Dorsey’s motif is the journey, and it is reflected in his work. It is a personal motif as his own trajectory saw him spending years sleeping rough and battling an alcohol addiction. Dorsey’s journey, however, now sees him in a place where his artwork is his life. Dorsey has found his purpose and his passion.

Born in 1968 on the Greenhill Mission in Kempsey, Dorsey learned to dance at the age of ten. A group of men, including his grandfather, an initiated elder, formed a dance troupe, which Dorsey joined. The men and boys made spears, wooden artifacts, and costumes. They learned how to paint up. He learned to appreciate and understand the bush, where the dancers practised. His imagination took flight. On one occasion, the troupe found a tree at the back of the mission where they noticed vines wrapped up in ball shapes. They made up a dance called The Bee Dance, a dance about what happens when people are stung.

When Dorsey was very young, he took part in his first dance in public. He remembers the racism directed at the troupe by a group of white males. He says, ‘I felt like throwing my spear at them, but I remembered my grandfather’s words: ‘Walk with pride because no-one can take away who you are. Stand tall, shoulders back, and don’t care about what anyone says.’ He chose not to care about and walk with pride.

Dorsey had always doodled rather than drawn. His brothers drew cartoon characters, but he could not compete with their style, so he found his own.

After leaving school, he undertook an Aboriginal Art and Cultural Practice pilot program at the Greenhill Reserve. He also played professional rugby. By now, the dance troupe was getting recognition and performed at carnivals and country music festivals. At the time, they were the only professional Indigenous dance troupe in New South Wales, travelling interstate and representing Aboriginal Australia in the South Pacific Festival of the Arts in Tahiti in 1985.

Despite his talents, Dorsey fell into the trap of alcohol and spent many years partying, but never stopped studying, painting and drawing.
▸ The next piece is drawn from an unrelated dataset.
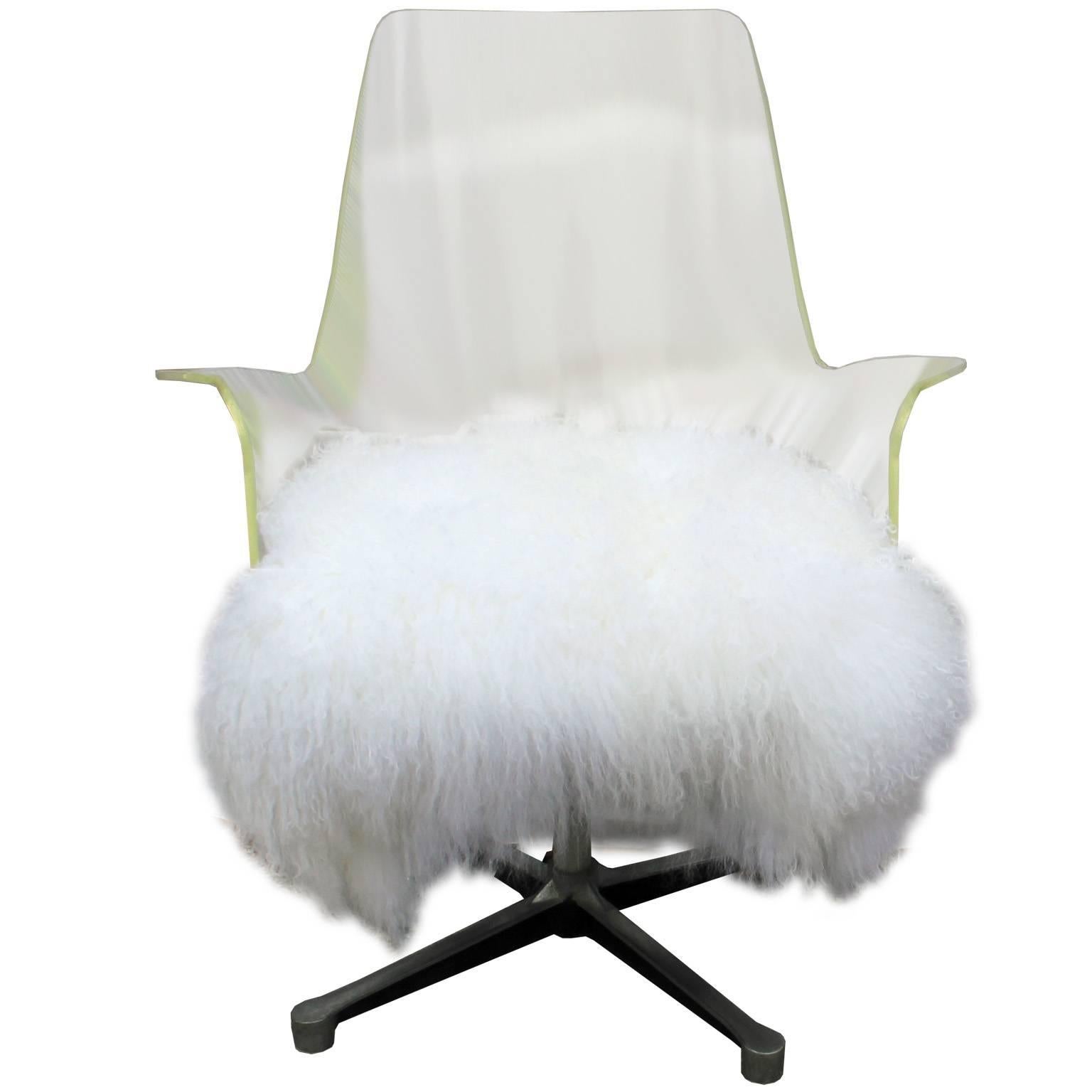 Stunning high backed Lucite swivel lounge chair. Lucite chair has an excellent form with curved arms. Seat is upholstered in fluffy white Mongolian sheepskin. Swivel base is steel with black accents. Perfect in a Hollywood Regency, Mid-Century,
In 2003, a life-changing moment saw his journey take another turn. ‘One day,’ he says, ‘I was sitting in Sydney in 2003, drinking. I stood up and moved away from the group I was drinking with and went and sat down under a tree, by myself. I asked my ancestors for guidance. At that moment, my ancestors answered, and my journey of healing began.’ Dorsey says that he began to understand that feeding off the tree of knowledge without understanding the tree of life was the key to him healing.
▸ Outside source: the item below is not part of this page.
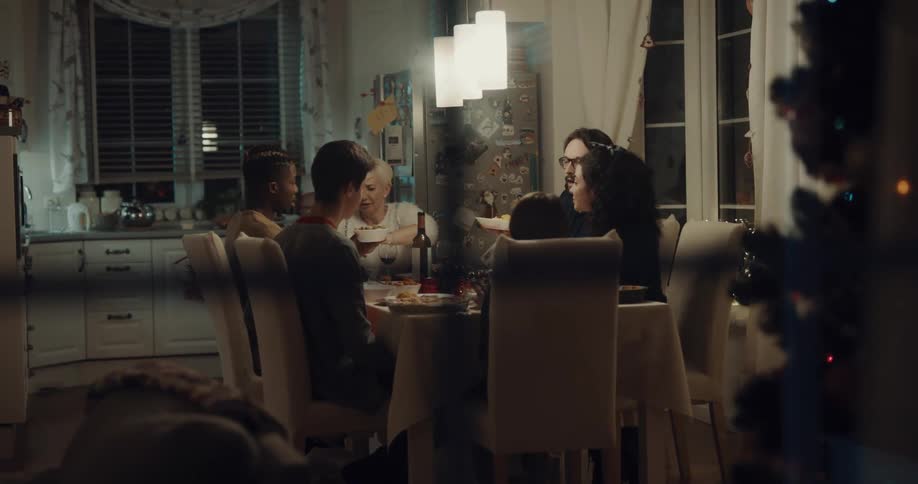 The family inside is having dinner together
After completing many different courses at TAFE, Dorsey was then accepted into the Bachelor of Fine Arts at the College of Fine Arts at UNSW. He began to be noticed, and his first exhibition was held at Boomali in 2005. He followed that up with a cultural tour of Africa, where he taught students and exchanged ideas about art.

Dorsey believes all humankind is connected by symbols. He’s studied symbols and meaning from the cultures of the Druids, the Egyptians, the Mayans, the indigenous peoples of Australia and many other peoples. There are similarities in many stories and symbols and differences as well. ‘The circle, for example, has sacred significance in many cultures, and it is this universality that I’m interested in.’

The Tree of Life is another image that has captured Dorsey’s imagination. It also appears in many cultures. It is not necessarily the same type of tree, and what Dorsey is interested in is why it is significant in each culture. ‘I looked at the Boab trees in Africa. I looked at a tree that was at the back of the Kinchela Boys Home in Kempsey. I saw the similarities, the journey that is nature, the journey that is in us.’

In the recent past, Dorsey has been creating; painting, drawing, sculpting, writing songs and making short videos. He has recorded stories in both Dunghutti and English with images he has created. He says he wants people to soak up what they feel. ‘Not only to see a work but to feel a work. If you really feel a work of art, if your senses are heightened, then there is more chance of people respecting the sacredness of the land and understanding the culture,’ Dorsey says.

Dorsey is interested in cross-cultural learning and wants to promote different and alternate ways of classroom learning. ‘There are Indigenous ways of learning that would benefit our education system,’ he says. At present, Dorsey is working with imagineer.me, creating curriculum content that embodies a sharing of visual and spatial domains where all students, regardless of cultural background, can participate, learning about themselves and their journeys and also about Indigenous culture. In his traditional culture, learning is about being allowed to gain knowledge at certain stages. Now, however, Dorsey is reinventing the learning concept to allow non-Indigenous students to share in Indigenous methods of learning. It’s about sharing. It’s transactional, allowing students access to other ways of learning that are visual, interactive, can be individual or group-focused and that foster skills in participation and higher-order thinking. Working with narrative-driven learning, visual learning and using collaborative methods can work across the curriculum and can bring about effective engagement with education.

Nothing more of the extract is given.